Kryzys łączy ludzi
Czy pojawiające się na rynku obywatelskie inicjatywy to relikt wczesnego socjalizmu, czy też autentyczne działania wspólnotowe? Okazuje się, że nieformalne stowarzyszenia mieszkańców i spółdzielczość to dla wielu ludzi recepta na brak perspektyw.
2013-12-02, 15:19
Posłuchaj
Z jednej strony spółdzielczość spotyka się z niechęcią ogółu, ale z drugiej – współczesne młode pokolenie, wychowane w wolnej Polsce i nieskażone dziedzictwem komunizmu, coraz chętniej podejmuje tego typu aktywność. Czy my, Polacy, mamy do spółdzielczości uraz?
– Rzeczywiście, z jednej strony dziedzictwo socjalizmu, a z drugiej – dosyć mocne postawienie po roku 89’ na własność prywatną sprawiają, że na spółdzielcze działania patrzymy w wypaczony sposób. Pamiętajmy jednak, że spółdzielczość w Polsce zaczynała się ponad 150 lat temu, w kraju pod zaborami. Spółdzielnie powstawały wtedy w odpowiedzi na potrzeby, które nie były realizowane przez ówczesne rynki – wyjaśnił w Polskim Radiu 24 Krzysztof Cibor, analityk.

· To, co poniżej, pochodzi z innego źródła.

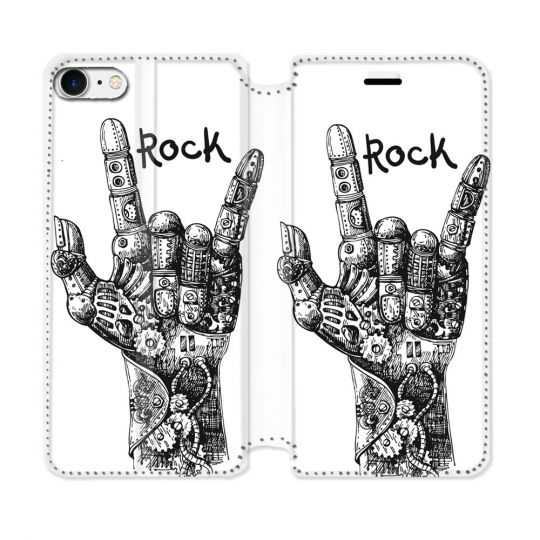 Housse Cuir Portefeuille Pour Iphone 7 / 8 / SE (2020 / 2022) Musique Rock Main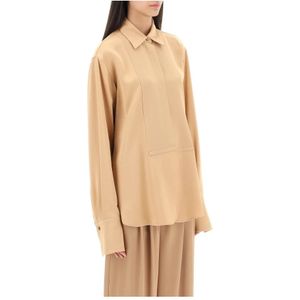 Jil Sander, Satijnen Bib Overhemd met Crepe Voorkant Beige, Dames, Maat:S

3 grudnia odbędą się warsztaty i debata na temat inicjatyw społecznych. Mają one przynieść odpowiedź na pytanie, czy obecny powrót do kooperatyw to jedynie przejaw tęsknoty za czasami PRL-u, czy też proces ten prowadzi obecnie do zupełnie nowych, potężnych przedsięwzięć.
– Tego typu zgromadzenia nie stanowią opozycji wobec czegoś, ale wypełniają lukę społeczną, uczą jak współpracować, podejmować decyzje czy dzielić się obowiązkami – podkreślała Dominika Potkańska, analityk Instytutu Spraw Publicznych, określając te inicjatywy szkołą demokracji.
REKLAMA
Na Zachodzie Europy w inicjatywach obywatelskich uczestniczy nawet połowa obywateli.